Auszug
Der deutsche Bundesstaat ist reformbedürftig. Darüber herrscht in Politik und Wissenschaft bereits seit langem Einvernehmen. Die konkreten Inhalte der Föderalismusreform aber waren (und sind noch immer) höchst umstritten. Um Gestaltungsspielräume neu bzw. wieder zu eröffnen, und zwar für Bund und Länder gleichermaßen, haben Bundestag und Bundesrat am 30. Juni und 07. Juli 2006 im Rahmen der größten Revision des Grundgesetzes seit 1949 (25 Artikel) die „Entflechtung“ der beiden Ebenen beschlossen. Aufbauend auf den Ergebnissen der am 17. Dezember 2004 gescheiterten „Bundesstaatskommission“ (eingesetzt am 16./17. Oktober 2003)2 und den entsprechenden Vereinbarungen von CDU/CSU und SPD3, gelang es der Großen Koalition — mit ganz erheblichen Schwierigkeiten —, die ersehnte Reform des Föderalismus in Deutschland nach jahrelanger Debatte endlich Wirklichkeit werden zu lassen.4
Das Gesetzgebungsverfahren begann am 10.03.2006, nachdem am 16.02.2006 bei einem Treffen der jeweiligen politischen Spitzen letzte Streitpunkte zwischen Bund und Ländern ausgeräumt worden waren. Von der Reform betroffen sind die Artikel 22, 23, 33, 52, 72, 73, 74, 74a, 75, 84, 85, 87c, 91a, 91b, 93, 98, 104a, 104b, 105, 107, 109, 125a, 125b, 125c und 143c; vgl. Deutscher Bundestag, 16. Wahlperiode, Drucksache 16/813 vom 07.03.2006 sowie Bundesrat, Drucksache 462/06 vom 30.06.2006; vgl. auch das Föderalismusreform-Begleitgesetz, welches die notwendigen Folgeregelungen auf einfach-rechtlicher Ebene beinhaltet: Deutscher Bundestag, 16. Wahlperiode, Drucksache 16/814 vom 07.03.2006.
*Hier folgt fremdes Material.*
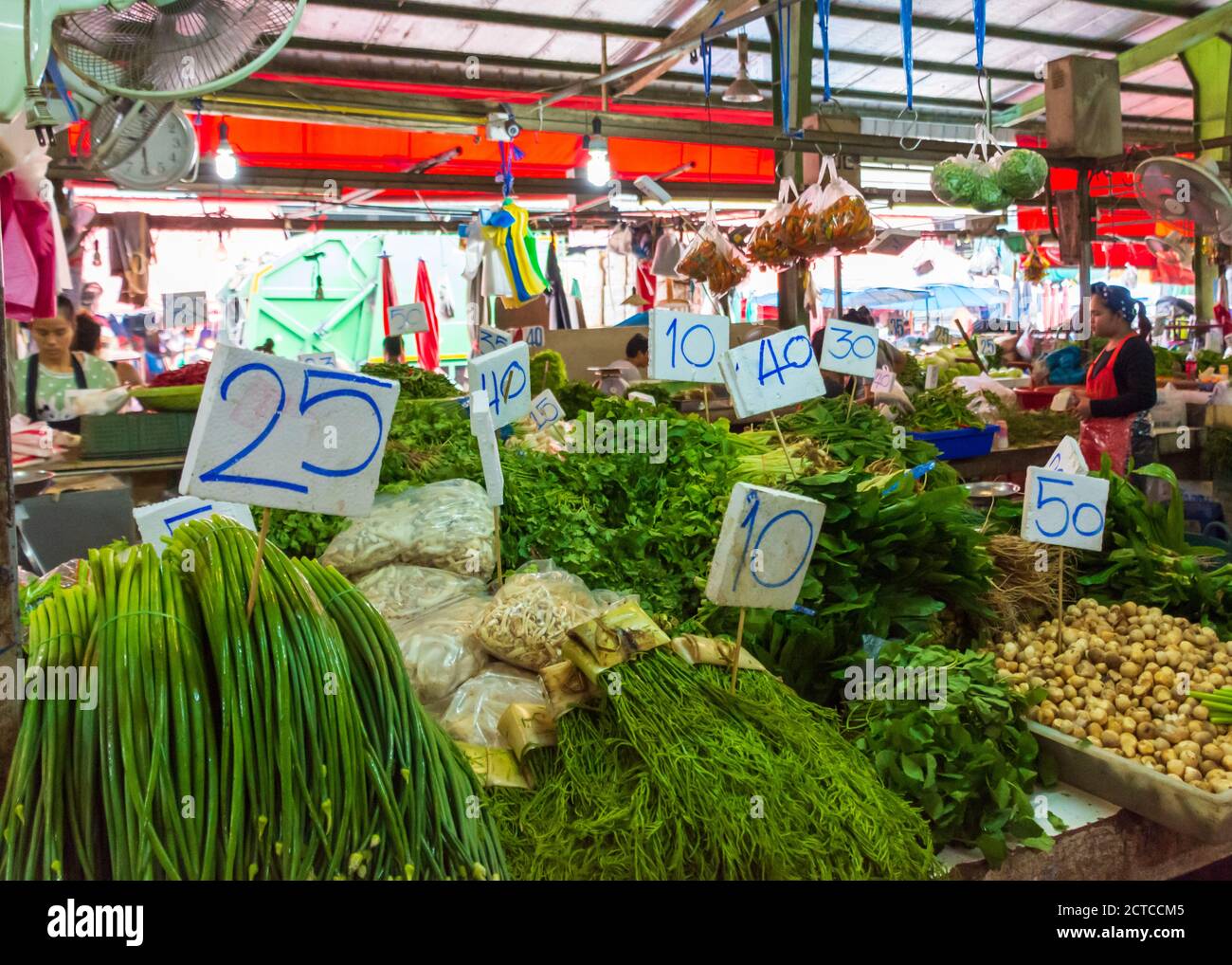 Une gamme de fruits et légumes exposés sur le marché de Khlong Toei, le plus grand marché frais de Bangkok, en Thaïlande. Banque D'Images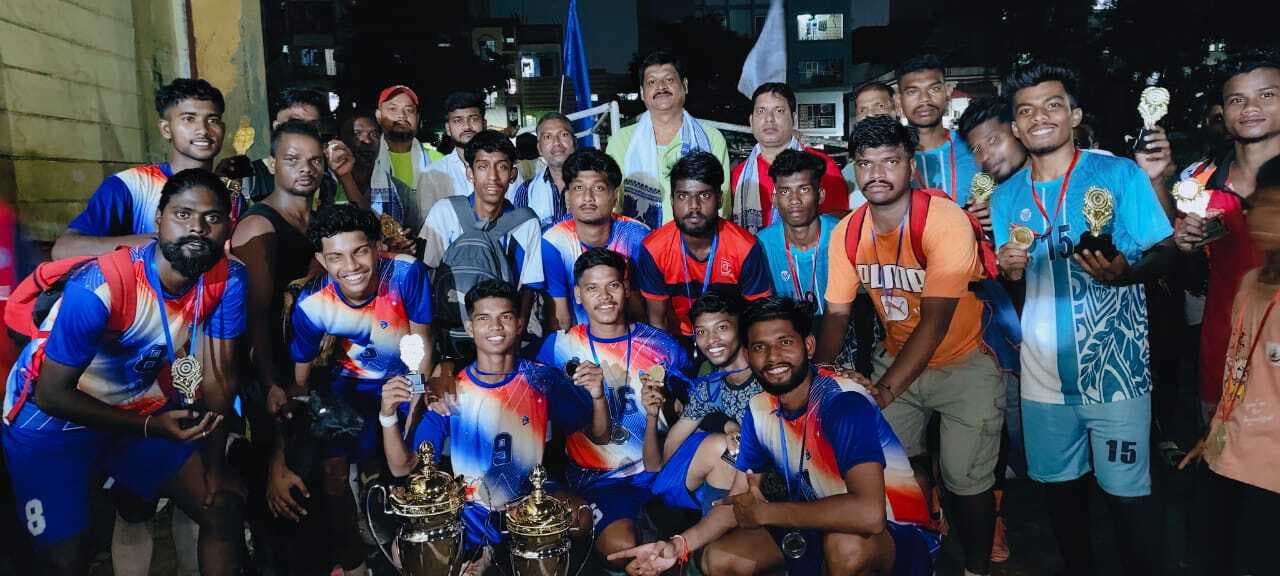 Football tournament at dhatkidih: गगन एफसी जुगसलाई की टीम ने जीता खिताब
Vgl. zur Bundesstaatskommission u.a. näher Decker 2004b, Jun 2004, Hrbek/Eppler 2005 sowie Fischer 2005.
Vgl. den Koalitionsvertrag von CDU/CSU und SPD vom 11.11.2005, S. 93 sowie Anhang 2.
Die Regierungskoalition aus Union und SPD erreichte die in Bundestag und Bundesrat für eine Verfassungsreform notwendige Zweidrittelmehrheit zwar, konnte aber im Bundestag nicht alle Stimmen der eigenen Fraktionen für die Reform gewinnen. 428 von 592 anwesenden Abgeordneten des Bundestages stimmten für die Neuordnung der Bund-Länder-Beziehungen, 15 Abgeordnete der SPD votierten jedoch dagegen. Bei der Abstimmung im Bundesrat lehnte lediglich das von SPD und Linkspartei/PDS geführte Land Mecklenburg-Vorpommern die Reform ab, das CDU-SPD-regierte Schleswig-Holstein enthielt sich der Stimme, was jedoch aufgrund des Abstimmungsmodus faktisch einer Ablehnung gleichkommt.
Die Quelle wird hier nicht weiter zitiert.